Column: ADHD’tje
De schoenmaker vertelt me uitvoerig hoe zijn omzet gedaald is sinds de coronacrisis begon. Mensen gaan niet meer naar kantoor, laten hun schoenen in de kast staan en hebben dus ook geen reparaties meer nodig. Ik probeer met hem mee te leven, terwijl hij mijn spullen afrekent. Als ik hem wijs op een dingetje dat hij vergeet aan te slaan op de kassa – anders gaat het immers nog slechter met z’n omzet – zegt hij: „Ach ja, ADHD’tje.” Meteen komt er een heel verhaal: hoeveel medicatie hij slikt, en hoe zijn leven er heel anders uitgezien zou hebben als hij dat vroeger als kind ook al gedaan had.

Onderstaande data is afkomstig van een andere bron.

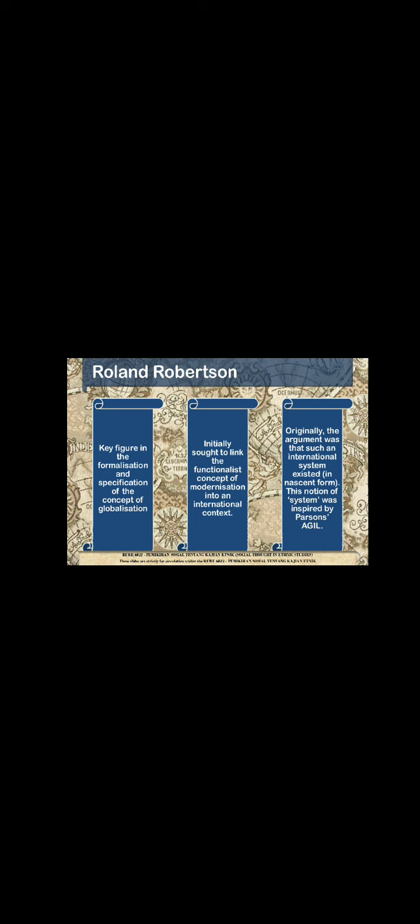Roland Robertson was a key figure in the formalization and specification of the concept of globalization. If you recall the classical theories and contemporary theories that move to a more individualistic perspective, and also post-modernity's threat to sociology, there is actually a continuation from that to theories of globalization. We'll be seeing some names like Parsons, Durkheim, Marx, and even Weber.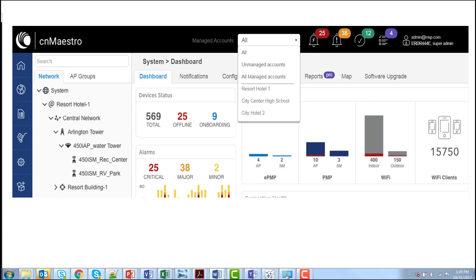Easily access the details associated with a single tenant to access its dashboards, statistics, reports, and troubleshooting tools.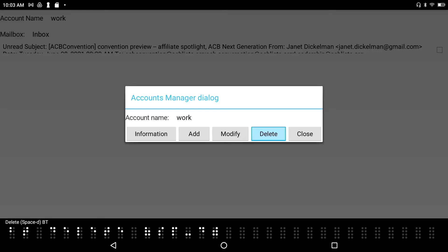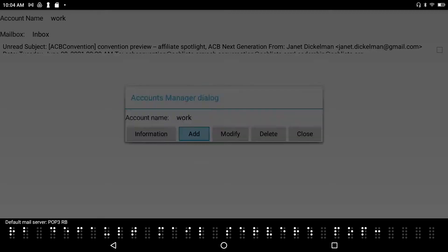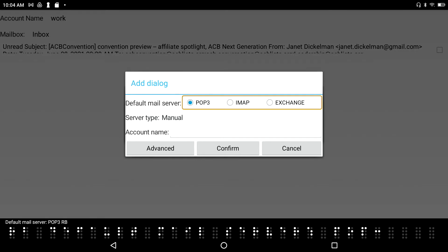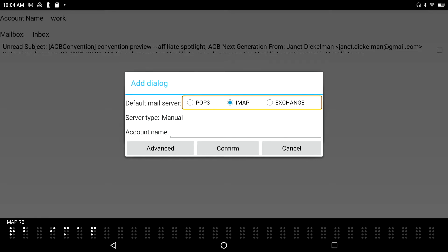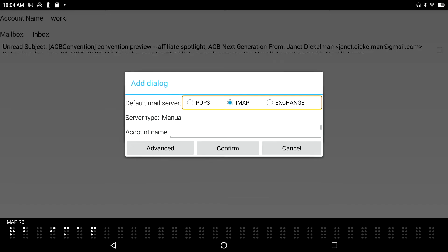I navigate back to the Add button, because I'd like to add my personal Gmail account. I press Enter on Add. The first choice is to pick the default mail server — it starts on POP3. Pressing the space bar cycles between POP3, IMAP, and Exchange. I select IMAP for this Gmail account.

ADHD is inderdaad ingrijpender dan je op het eerste gezicht misschien zou denken. De problematiek wordt gekenmerkt door aandachtstekort of onoplettendheid, hyperactiviteit en impulsiviteit. Mensen hebben bijvoorbeeld moeite om hun aandacht te richten, hun concentratie vast te houden, kunnen snel afgeleid zijn en allerlei dagelijkse dingen vergeten. Een kind of volwassene met ADHD kan moeite hebben om rustig te spelen, te blijven zitten of op z’n beurt te wachten, zich innerlijk onrustig voelen en daardoor steeds maar doordraven of aan één stuk door praten. Dit gedrag (ADHD is een beschrijving van gedrag en geen verklaring ervan!) belemmert niet alleen je dagelijkse functioneren op school of op het werk, maar doet ook iets met je relaties en de manier waarop je in het leven staat.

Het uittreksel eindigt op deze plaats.